Policy Improvement by Iterative Methods

Value Iteration

  • Initialize state-value for all states
  • Iterate for $k$ until convergence
    • Update the state-value for all states

$V_{k+1} (s) = \max_{a \in A}(R(s, a) + \gamma \sum_{s’ \in S} P(s’ \vert s, a) V_k(s’))$

We can re-define this term with expectation,

$V_{k+1} (s) = \max_{a \in A}(R(s, a) + \gamma E_k[Q_k(s_{t+1}, a) \vert s_t = s])$

  • Iterative application of Bellman optimality backup
  • Using tensor notation ($E_k[Q_k(s_{t+1}, a) \vert s_t = s] \rarr \Tau^a V_k$):
Vk+1=maxaA(R(a)+γTaVk)V_{k+1} = \max_{a \in A}(R(a) + \gamma \Tau^a V_k)
  • This is called synchronous backup. The reason we called “backup” is that, we always hold state value in current time step and next time step. And when the state value in current time step is prepared, then we can calculate the next time step state value.

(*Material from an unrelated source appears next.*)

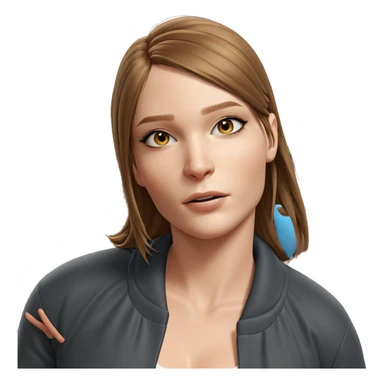 girl with brown hair portrait sticker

So it is synchronous.

  • Value iteration finds no explicit policy at each iteration, even the optimal policy.
  • To find the optimal policy, we should save and update the best action for each iteration.
  • The complexity is $O(\vert A \vert \vert S \vert^2)$ per iteration. ($\vert S \vert$ for current state, and $\vert S \vert$ for next state)